* **Task goal**
Leave the pictures out and repeat the rest of the data below exactly.

* **Recorded information**
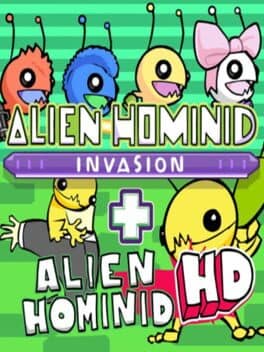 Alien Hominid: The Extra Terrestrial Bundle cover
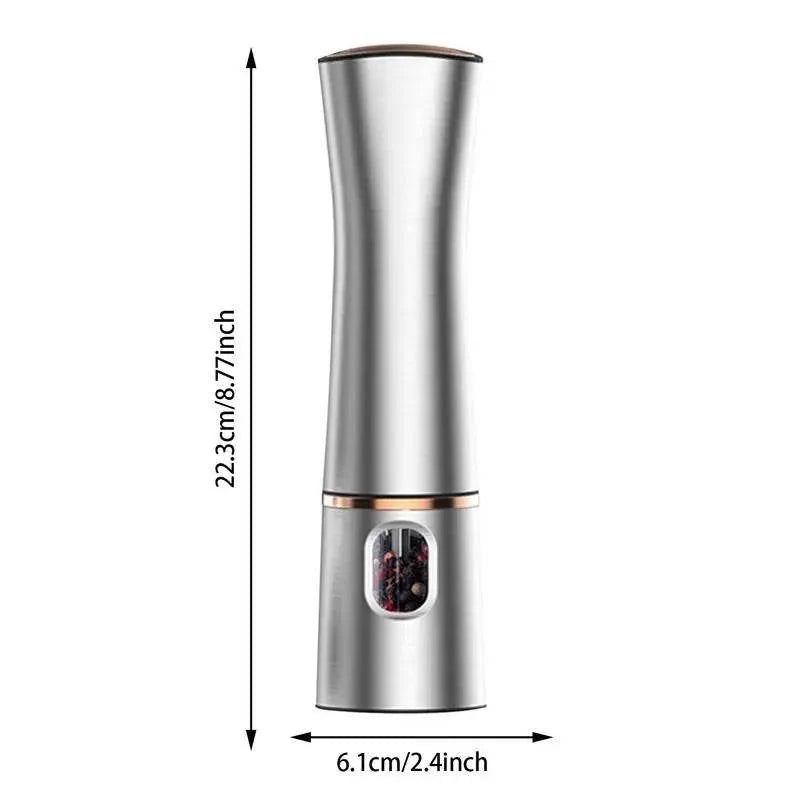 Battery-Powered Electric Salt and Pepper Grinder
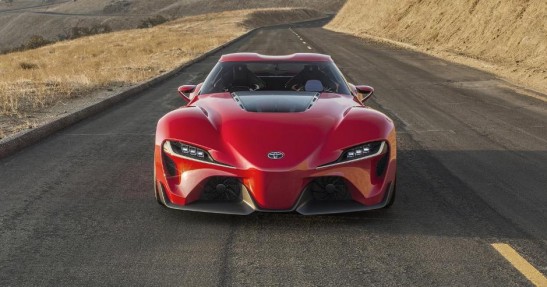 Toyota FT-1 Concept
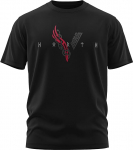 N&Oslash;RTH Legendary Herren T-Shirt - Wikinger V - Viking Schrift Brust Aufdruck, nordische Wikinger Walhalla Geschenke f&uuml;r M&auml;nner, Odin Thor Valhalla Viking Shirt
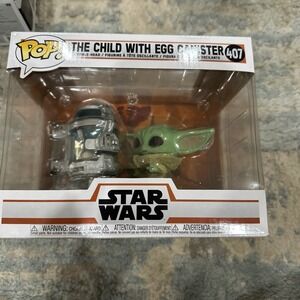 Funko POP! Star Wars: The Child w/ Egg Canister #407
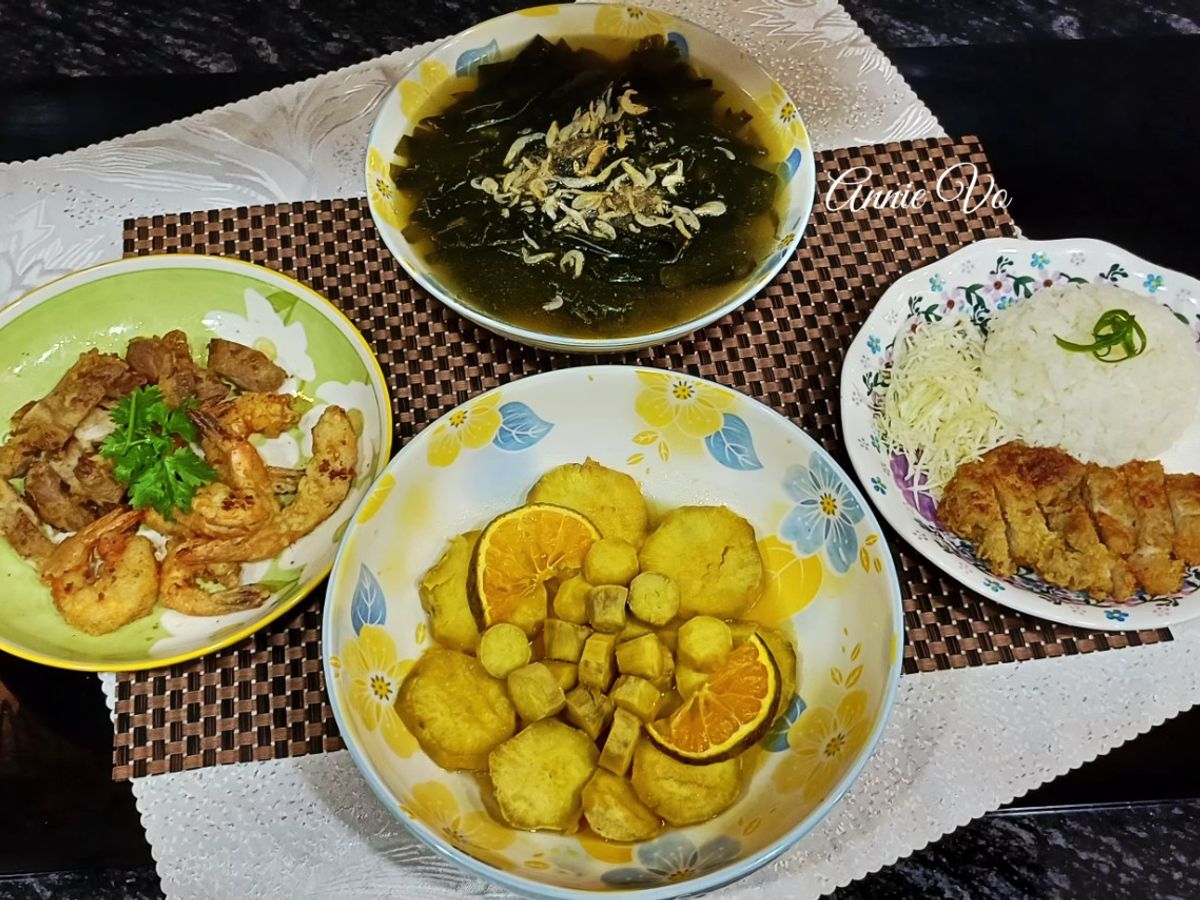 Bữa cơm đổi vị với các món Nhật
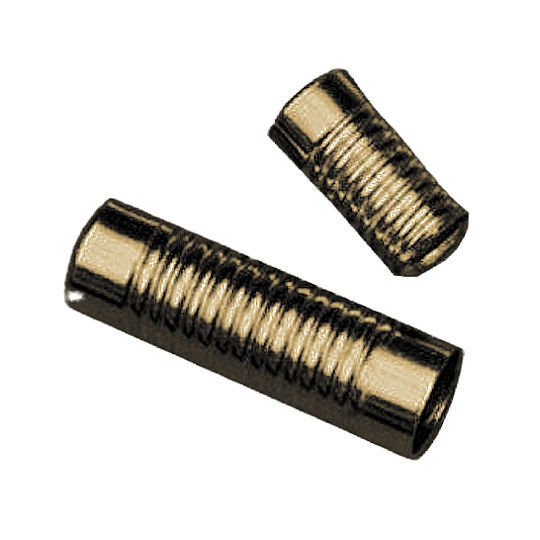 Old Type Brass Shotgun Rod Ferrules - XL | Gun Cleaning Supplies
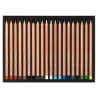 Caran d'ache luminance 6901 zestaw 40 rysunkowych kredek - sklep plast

* **Answer for the task**
 Alien Hominid: The Extra Terrestrial Bundle cover
 Battery-Powered Electric Salt and Pepper Grinder
 Toyota FT-1 Concept
 N&Oslash;RTH Legendary Herren T-Shirt - Wikinger V - Viking Schrift Brust Aufdruck, nordische Wikinger Walhalla Geschenke f&uuml;r M&auml;nner, Odin Thor Valhalla Viking Shirt
 Funko POP! Star Wars: The Child w/ Egg Canister #407
 Bữa cơm đổi vị với các món Nhật
 Old Type Brass Shotgun Rod Ferrules - XL | Gun Cleaning Supplies
 Caran d'ache luminance 6901 zestaw 40 rysunkowych kredek - sklep plast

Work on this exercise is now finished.